The ETF industry has broadened and matured—which means planning with ETFs will become more difficult and challenging.

Addressing the 2017 Inside ETFs conference in Ft. Lauderdale, Fla. on Monday, Inside ETFs CEO Matt Hougan argued that advisors and investors would no longer be satisfied with portfolio allocations focused on minimizing investment costs while offering broad market exposure.

“For the past 10 years, if you were an advisor or an investor, you had this enormous tailwind pushing you along just for using ETFs,” Hougan said. “Now everyone has caught up.
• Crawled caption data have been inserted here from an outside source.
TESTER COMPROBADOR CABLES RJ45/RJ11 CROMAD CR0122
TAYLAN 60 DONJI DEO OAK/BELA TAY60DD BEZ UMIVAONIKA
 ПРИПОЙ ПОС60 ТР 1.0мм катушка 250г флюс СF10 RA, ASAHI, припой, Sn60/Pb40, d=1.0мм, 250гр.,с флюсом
ETFs are the No. 1 most recommended product by advisors and being an ETF advisor is no longer enough.”

To continue the ETF industry's impressive growth, advisors will have to think big, said Hougan and ETF.com CEO Dave Nadig in a presentation titled "Timing is Everything."

ETFs have become so common, said Nadig, that they account for 30 percent of the daily trading value on U.S. exchanges, and traditional, active asset managers are launching their own ETFs.

“We’ve seen this unbelievable entry from everybody in the asset management industry,” said Nadig. “They’re here because the active management story hasn’t really been working.”

Nadig said that wealth managers using ETFs are going to have to start thinking like institutional investors and fully embrace smart beta and other more differentiated investing tools.

“The first big smart beta ETFs weren’t targeted at my mom, or at you, but they were targeted at the Arizona state retirement system,” Nadig says. “When you see these smart beta products come to market and instantly get a lot of traction, it’s because they’re addressing an institutional demand.”

Asset managers have added value in the form of factor-weighted strategies as a response to fee compression in the industry, noted Nadig, and in response individual investors and wealth managers are looking more closely at smart beta.

Yet Nadig also noted that net inflows into smart beta products started to trail off in 2016 after strong growth in 2014 and 2015. In the past three years, most of the flows into smart beta products have followed the lowest-cost products from large providers, said Nadig, with the most popular funds generally coming from Vanguard and BlackRock.